The Ancona originated in central Italy, where it was the breed of chicken with the widest distribution. Some birds were exported in 1851 to England, where they were selectively bred for regularity and consistency of the white markings in the plumage. In 1880 a breeder named Cobb showed a group. Some were exported from Britain to the United States in 1888. Rose-combed Ancona chickens were first shown in Birmingham, in the West Midlands, in 1910.

The single-combed Ancona was recognised by the American Poultry Association in 1898, and the rose-combed variant in 1914.

== Characteristics ==

The Ancona is a typical Mediterranean chicken, rustic, lively and hardy. Birds range widely and take flight easily.

The plumage is black, mottled with white. Approximately one feather in three has a v-shaped white marking at the tip. All primaries, sickles and tail-feathers should have white tips. The black feathers may have a beetle-green tint. In Italy, blue mottled with white is also recognised in full-size birds, but not in bantams. In Australia a red variety is recognised, with a chestnut to red bay ground colour.
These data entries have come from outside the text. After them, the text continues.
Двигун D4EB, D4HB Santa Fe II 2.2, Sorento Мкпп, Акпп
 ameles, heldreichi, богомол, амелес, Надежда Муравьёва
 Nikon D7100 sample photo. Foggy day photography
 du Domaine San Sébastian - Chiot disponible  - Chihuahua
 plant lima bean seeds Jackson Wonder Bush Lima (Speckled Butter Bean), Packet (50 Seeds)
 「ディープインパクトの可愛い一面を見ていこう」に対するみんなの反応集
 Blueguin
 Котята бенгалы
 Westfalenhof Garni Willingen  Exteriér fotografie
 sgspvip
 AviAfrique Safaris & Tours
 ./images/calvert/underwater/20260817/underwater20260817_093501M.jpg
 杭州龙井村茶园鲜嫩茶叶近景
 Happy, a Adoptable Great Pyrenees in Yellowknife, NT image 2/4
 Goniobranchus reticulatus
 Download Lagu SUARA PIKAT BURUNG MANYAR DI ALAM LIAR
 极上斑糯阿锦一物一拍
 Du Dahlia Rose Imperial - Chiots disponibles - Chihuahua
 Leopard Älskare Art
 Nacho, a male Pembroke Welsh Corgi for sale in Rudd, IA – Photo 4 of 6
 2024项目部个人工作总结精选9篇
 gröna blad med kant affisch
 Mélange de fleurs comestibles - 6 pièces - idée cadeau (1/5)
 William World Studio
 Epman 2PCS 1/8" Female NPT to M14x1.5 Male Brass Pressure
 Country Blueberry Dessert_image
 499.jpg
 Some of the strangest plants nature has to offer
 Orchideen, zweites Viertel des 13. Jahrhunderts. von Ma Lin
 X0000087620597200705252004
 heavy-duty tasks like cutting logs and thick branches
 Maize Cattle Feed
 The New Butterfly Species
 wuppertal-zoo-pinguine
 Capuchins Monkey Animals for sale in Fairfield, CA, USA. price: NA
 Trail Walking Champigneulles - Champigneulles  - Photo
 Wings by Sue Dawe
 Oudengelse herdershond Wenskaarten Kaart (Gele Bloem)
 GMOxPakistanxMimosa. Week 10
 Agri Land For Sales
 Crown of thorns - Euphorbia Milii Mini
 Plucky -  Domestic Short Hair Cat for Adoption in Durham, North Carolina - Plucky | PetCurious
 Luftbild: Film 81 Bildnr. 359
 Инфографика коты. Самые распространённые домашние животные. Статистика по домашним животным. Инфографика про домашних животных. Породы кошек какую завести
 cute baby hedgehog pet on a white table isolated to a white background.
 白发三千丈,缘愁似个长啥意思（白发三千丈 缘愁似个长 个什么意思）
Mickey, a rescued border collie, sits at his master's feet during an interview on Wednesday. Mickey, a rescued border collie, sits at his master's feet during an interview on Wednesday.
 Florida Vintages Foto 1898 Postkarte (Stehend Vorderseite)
The legs are yellow mottled with black, the beak yellow with some black markings on the upper mandible, and the eye orange-red. The skin is yellow, the ear-lobes white or cream-coloured. The comb is of medium size, with five well-marked points; in hens it should fall gracefully to one side. In the United Kingdom and in the United States, but not in Italy, a rose comb is permitted.

Cocks weigh 2.5±to kg and hens 1.8±to kg; ring sizes are 18 mm and 16 mm respectively for full-sized birds, and 13 mm and 11 mm for bantams.

== Use ==

The Ancona is a good layer of white eggs, of which it lays an average of 220 per year; the eggs weigh 50 g or more. Hens have little tendency to broodiness; pullets may begin to lay at five months old.